Unutulmaması gereken husus, yüzde 5'lik büyümeyle bile 2023 hedeflerine ancak 20 yıl rötarla ulaşabiliyoruz. İşte bu nedenle Türkiye'nin, enerjisini içeride tüketmek yerine, birlik beraberliğini pekiştirerek, asli gündemine, yani üretime odaklanması, gençlerini ve geleceğini düşünmesi çok ama çok önemli.
Öyle anlar vardır ki istediğiniz kadar teşvik verin ekonomide yaprak kıpırdamaz. Ama Türkiye'de umutlu olmamız için nedenlerimiz var. Bu nokta, bir ülkenin kaderini tayin eder. Nitekim geçici vergi indirimleri, Kredi Garanti Fonu uygulamaları, KOSGEB'in faizsiz kredi destekleri, prim ötelemesi, yatırım ve istihdam teşvikleri yılın ilk üç ayında pozitif etkisini göstermiş ve yılın ikinci çeyreği için de güçlü büyümenin işaretlerini vermiştir. Bu ince ayrıntı bizi, sihirli bir kavrama yeniden götürüyor: "Güven!"

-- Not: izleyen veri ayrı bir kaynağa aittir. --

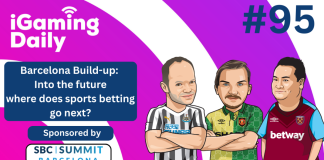 Ep 095: Barca Build-up: Into the future – where does sports betting go next?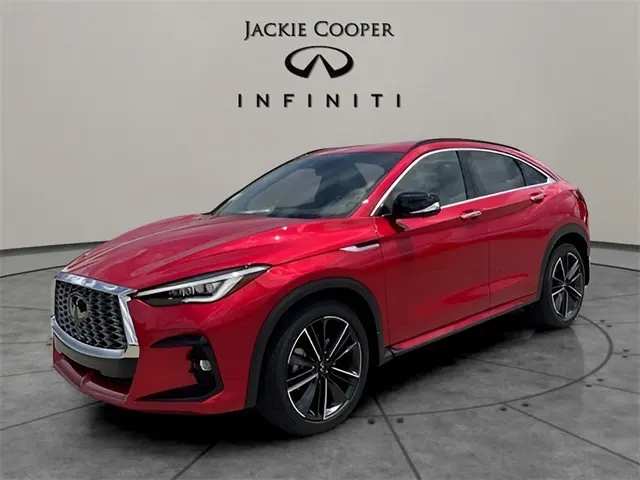 2025 INFINITI QX55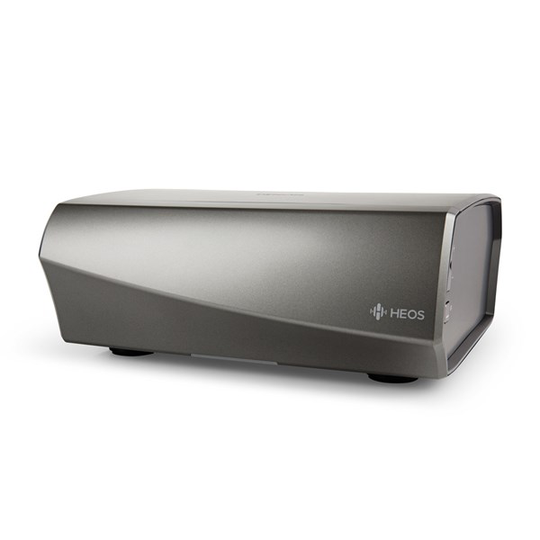 Denon HEOS Amp HS2 Musikanläggning med streaming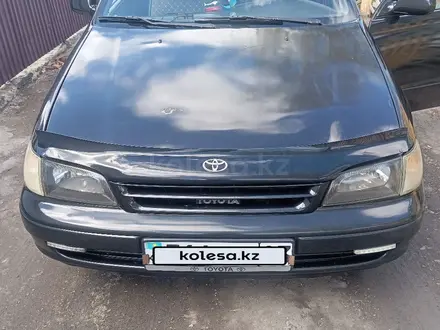 Toyota Carina E 1995 года за 1 600 000 тг. в Кокшетау – фото 9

Ekonomide güven, ülkenin istikbaline duyulan güven anlamına gelir ve Türkiye tecrübesinde mutlak olarak "siyasi istikrarla" doğrudan ilgilidir. 16 Nisan Referandumu ile Türkiye, milletin en az yarısının desteğini almış, geniş uzlaşmayı tesis etmiş hükümetlerin iş başına geleceğini kalıcı olarak teyit ettiği, siyaset dışı unsurların gücünü kesin olarak kırdığı için güven endeksi üst düzeylerde seyretmekte.
Birinci husus, Türkiye kalıcı fiyat istikrarını sağlamak zorunda. 2017'nin tek haneli enflasyonla tamamlanması için elimizden geleni yapmalıyız. Merkez Bankası'nın, piyasanın canına okumadan sürdürdüğü parasal sıkılaştırmanın gerekliliğini kabul etmek durumundayız. Aslında, gıda fiyatlarındaki büyük oyun olmasa Türkiye bugün ılımlı da olsa faizleri indireceği sınırlara da geldi.
İkinci husus, mali disiplin ve bilhassa sosyal güvenlik sisteminin yeniden ele alınması gereği. Hatta bu kapsamda giderek katılaşan sosyal harcama dinamiklerinin de gözden geçirilmesi zaruri.
Üçüncü husus, kuşkusuz faizlerin kademeli olarak aşağıya çekilmesi.
Dördüncü husus; eğitimli, milli değerlerle donatılmış, küresel rekabete uyum sağlayacak insan kalitesi. Maalesef, eğitim sistemimiz sadece sınav odaklı ve bir kuşağı kaybetmek üzereyiz.
Son husus, "hukukun üstünlüğü, adil yargı." Yargının itibarının artırılması, vereceği kararlar, karar vermeye esas deliller ve yargılama hızı ile ilintili.
Özetle... Türkiye, 2018 sonuna kadar 1.5 yıllık bir plan dahilinde ekonomik ve toplumsal güçlendirme önlemleri ile 2019 ve sonrasını garanti altına alabilir. Doğru ve zamanlamalı karar kazandırır, erteleme ise kaybettirir.